When David Hare’s The Judas Kiss was first staged in 1998 with Liam Neeson as Oscar Wilde and Richard Eyre in the director’s chair, the play was, despite all those big names, critically panned.
Fourteen years later Neil Armfield bravely resurrected the play for The Hampstead Theatre and the reaction could not have been more different. With Rupert Everett stepping into Oscar Wilde’s fur coat – which fits his broad shoulders perfectly – and under Armfield’s direction, Hare’s play about two pivotal moments in the Irish playwright and poet’s life was given the kiss of life. It was so embraced by critics and audiences alike that it made the “you’ve-made-it-leap” to the West End. Now in its final few weeks, The Judas Kiss has proved many things, not least that there’s far more to Rupert Everett than a being the amusing scourge of Hollywood.

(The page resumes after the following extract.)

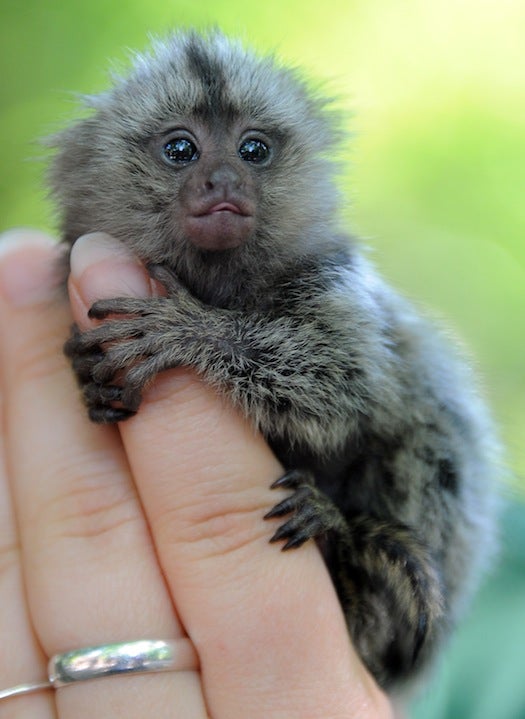 This is the best marmoset. Of all of the marmosets. And probably all of the animals, period.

Naturally The Judas Kiss, while poignant, is funny, although Hare avoids the temptation of having a script littered with non-sequitur Wilde-ion bon mots. His script is heavy on words and low of actions, just as Oscar would have it (“As you know I have always disdained unnecessary motion,” he remarks in Act II when refusing to answer the door).
The play opens at the Cadogan Hotel where we are immediately introduced to the charms of the chambermaid and servant Arthur who are more concerned with warming rather than making Wilde’s bed. Nakedness is a recurring theme; in the second half it is one actor’s entire role as Bosie’s Italian fisherman conquest to parade around the stage starkers for much of the duration. He is Oscar worthy in the part.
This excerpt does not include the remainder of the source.